Ces détails restent essentiellement limités aux écrits de Zosime. La Souda, une encylopédie datant de la fin du xe siècle, l’appelle un philosophe (l’appellation ordinaire pour un auteur de textes alchimiques grecs) d’Alexandrie50. La Souda est la seule source identifiant Zosime comme un alexandrin et la plupart des chercheurs s’accordent maintenant pour dire que Zosime était originaire de Panopolis. L’encyclopédie lui attribue aussi une œuvre en 28 volumes « appelée par certains Cheirokmêta » et une Vie de Platon. Aucune Vie de Platon nous est parvenue attribuée à Zosime et aucune collection de ses livres ne correspond exactement à la description faite des Cheirokmêta.
Les commentateurs
Deux autres auteurs de cette période sont restés célèbres pour leurs commentaires ou leurs recettes : Olympiodore l’Alchimiste, qui est peut-être Olympiodore le Jeune (un recteur de l’école néoplatonicienne d’Alexandrie, en 541) et Synésius, qui est peut-être Synésios de Cyrène, ami et disciple de la philosophe néoplatonicienne Hypatie. Olympiodore le Jeune, au vie siècle, sur l’analogie planètes-métaux, donne un système de correspondances, qui sera classique en alchimie : or-Soleil, argent-Lune, plomb-Saturne, électrum-Jupiter, fer-Mars, cuivre-Vénus, étain-Mercure.

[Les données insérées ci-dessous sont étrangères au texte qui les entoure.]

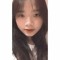 Mai Phuong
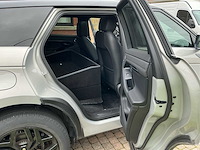 2020 land rover range rover evoque r-dynamic 4wd p250 se suv personenauto - afbeelding 31 van  60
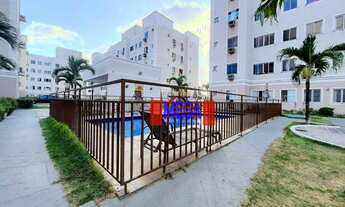 Imagem 5: Apartamento para alugar com 2 quartos no bairro Salinas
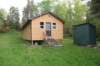 cabinlookinggood_small.jpg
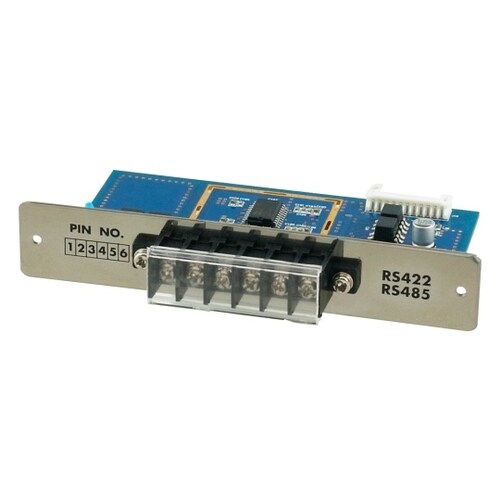 AD4329A−03JA RS−422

Premières techniques alchimiques
Les alchimistes alexandrins utilisaient quatre types de techniques pour « produire » de l’or, techniques consignées dans des recettes :
la fabrication d’alliages semblables à de l’or, composés de cuivre, d’étain et de zinc (comme le laiton ou le moderne « or de Mannheim », alliage de cuivre et de zinc utilisé en bijouterie ;
l’altération de l’or, en lui incorporant du cuivre et de l’argent dont les teintes rougeâtres et verdâtres des alliages avec l’or se compensent, ne modifiant pas la coloration initiale. Les alchimistes interprétaient cela comme la transformation de l’argent et du cuivre initial par l’or agissant comme une semence ;
la dorure superficielle des métaux (les recettes parlent alors de teinture plutôt que de fabrication). Cela se faisait par trois méthodes : l’utilisation d’un vernis laque teinté, le traitement par des solutions pour former une couche de sulfures, et la corrosion en surface d’or altéré, pour ne laisser à l’extérieur qu’une couche d’or pur (l’agent corrosif étant probablement une sorte d’anhydride sulfurique obtenu par calcination de sulfates de fer et de cuivre) ;
l’utilisation de substances volatiles dans des processus de distillation et de sublimation, permettant d’extraire l’« esprit » d’un corps et de l’y réintroduire.
Alchimie byzantine.
L’alchimie byzantine, très active à Alexandrie, regroupe les écrits et les pratiques métallurgiques de la dernière période gréco-égyptienne de l’alchimie. Elle recoupe une série de théories, de méthodes et de recettes concernant la coloration des métaux et la fabrication d’alliages. Bien que l’alchimie byzantine cherche entre autres à faire passer les métaux de valeur moindre pour des métaux plus riches, elle ne se limite pas exclusivement à cette fin. Elle hérite d’un ensemble de théories concernant la matière provenant des philosophies platoniciennes, aristotéliciennes, néoplatoniciennes et gnostiques, et qui proposent des buts purement spirituels et régénératifs. Elle s’inscrit aussi dans le monde militaire byzantin via des recherches liées à la production d’armes à feu que l’on reconnaît dans la fabrication et l’utilisation du feu grégeois.